§ **Exercise brief**: Starting at the first line of the entries below, please return exactly each line up to and including the one with "オールセラミッククラウン 被せ物の継ぎ目が気になるの治療中"; pictures stay out.

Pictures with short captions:
----

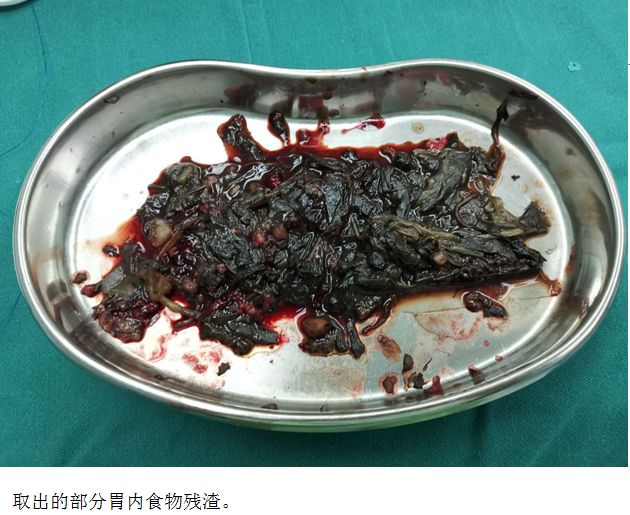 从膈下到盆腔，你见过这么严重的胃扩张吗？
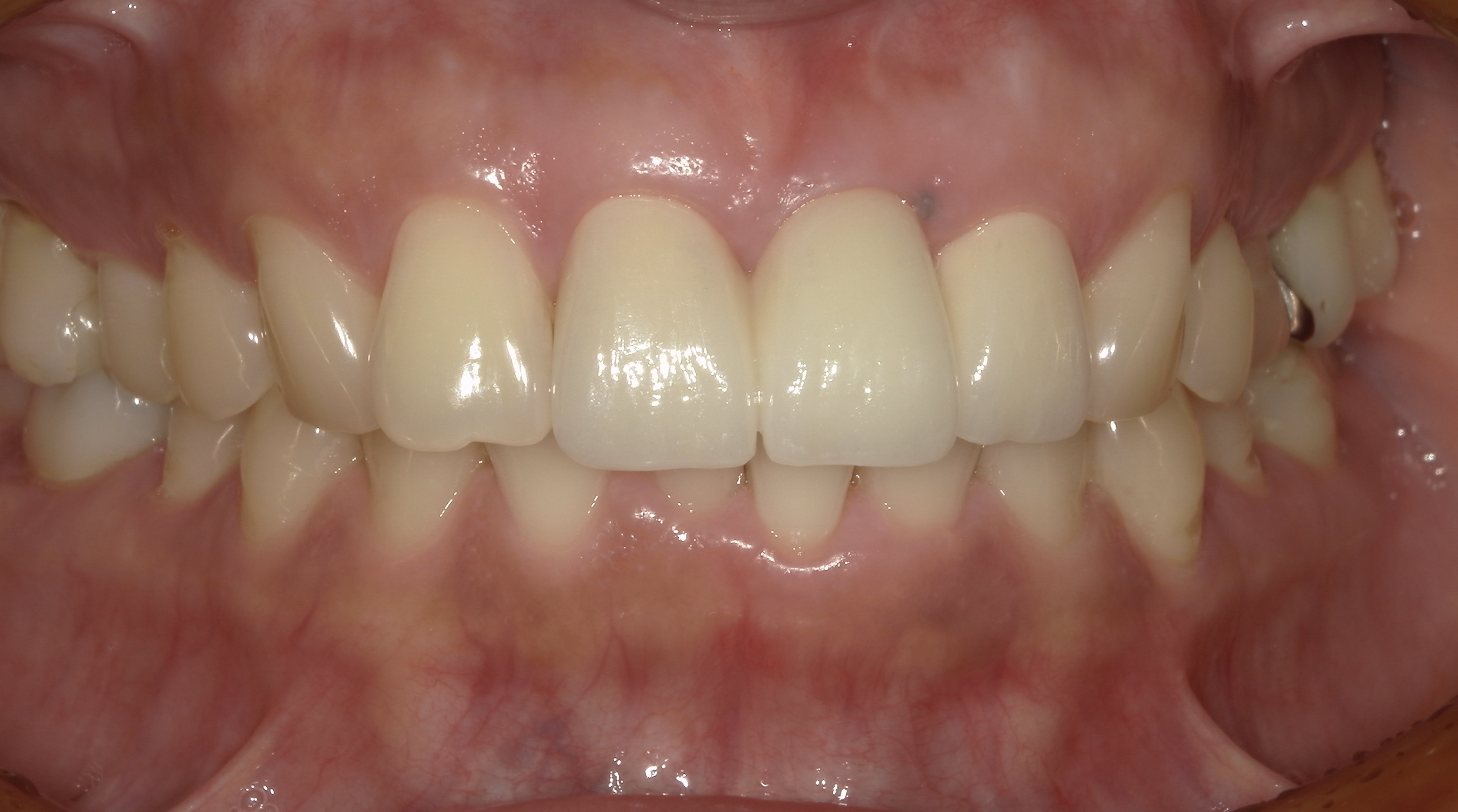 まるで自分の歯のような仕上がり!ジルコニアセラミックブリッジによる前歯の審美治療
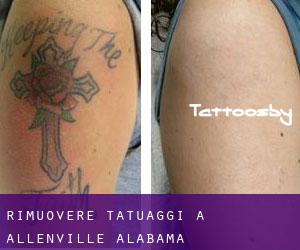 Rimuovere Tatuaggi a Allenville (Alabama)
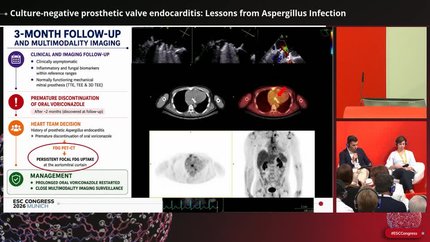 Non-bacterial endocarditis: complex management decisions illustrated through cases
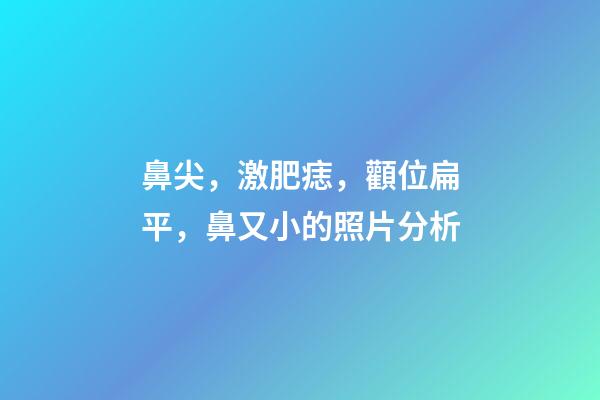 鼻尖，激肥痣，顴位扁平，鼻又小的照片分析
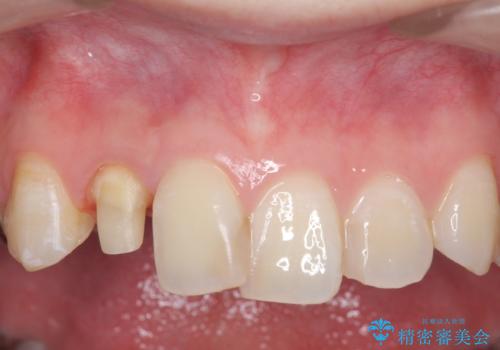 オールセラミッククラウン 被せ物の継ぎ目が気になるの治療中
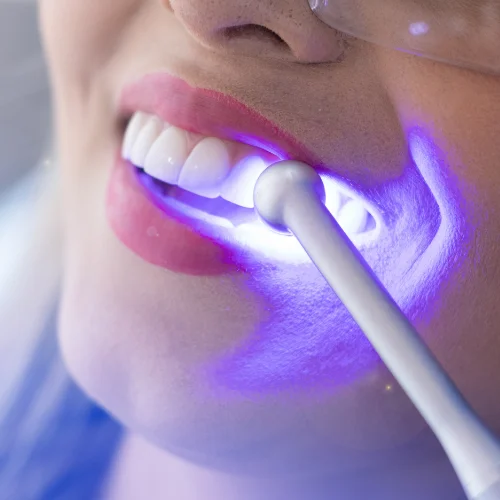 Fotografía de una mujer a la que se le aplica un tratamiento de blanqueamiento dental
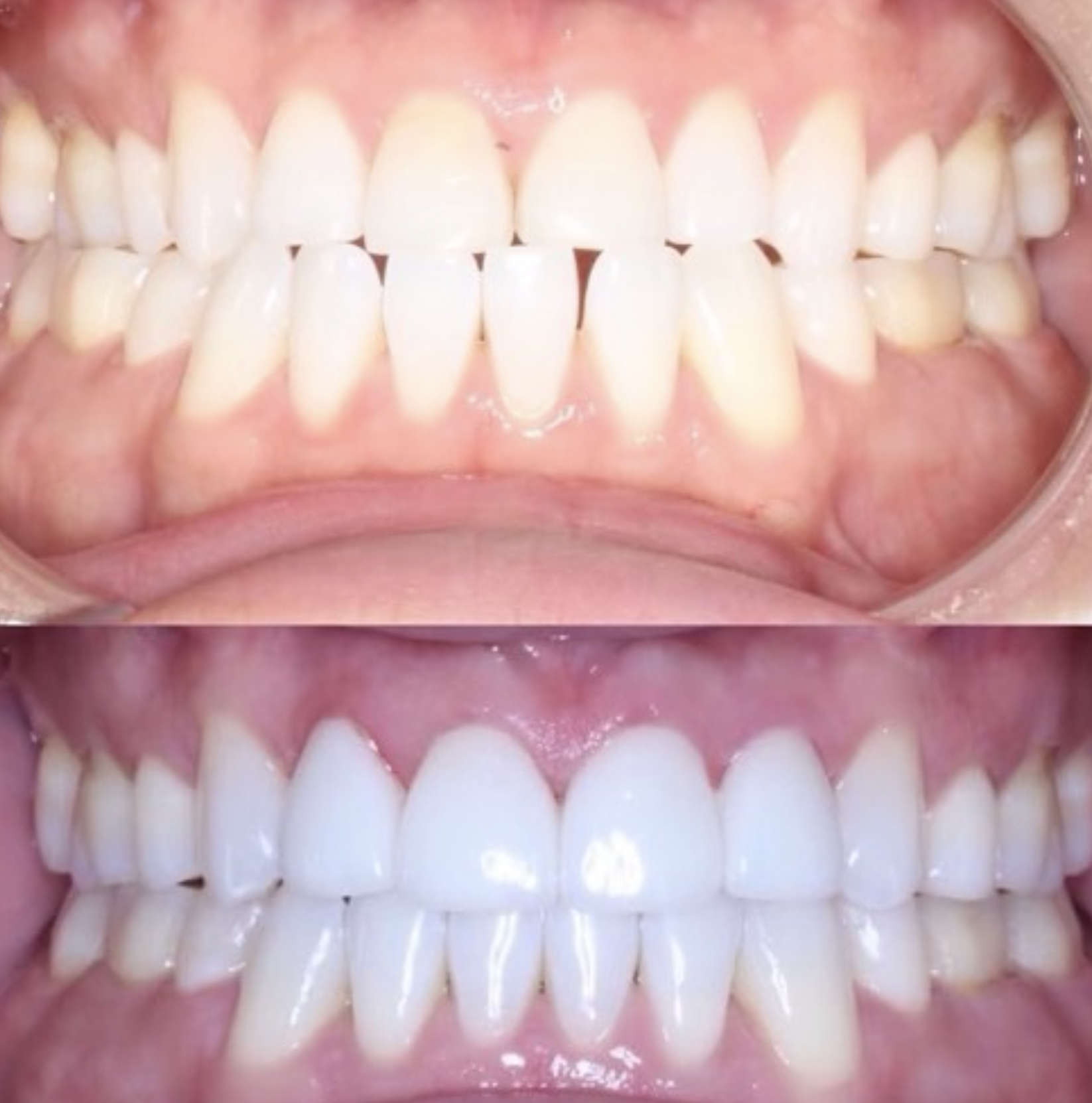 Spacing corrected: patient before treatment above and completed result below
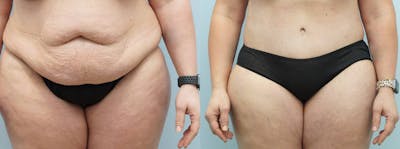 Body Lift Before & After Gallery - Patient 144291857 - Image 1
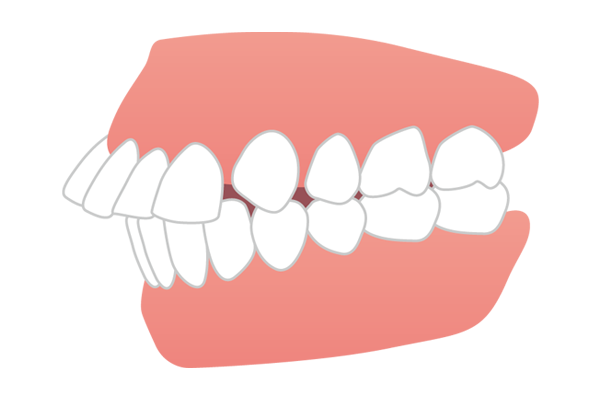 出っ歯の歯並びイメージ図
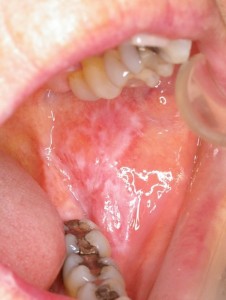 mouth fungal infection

----

§ **Reply to the exercise**:
 从膈下到盆腔，你见过这么严重的胃扩张吗？
 まるで自分の歯のような仕上がり!ジルコニアセラミックブリッジによる前歯の審美治療
 Rimuovere Tatuaggi a Allenville (Alabama)
 Non-bacterial endocarditis: complex management decisions illustrated through cases
 鼻尖，激肥痣，顴位扁平，鼻又小的照片分析
 オールセラミッククラウン 被せ物の継ぎ目が気になるの治療中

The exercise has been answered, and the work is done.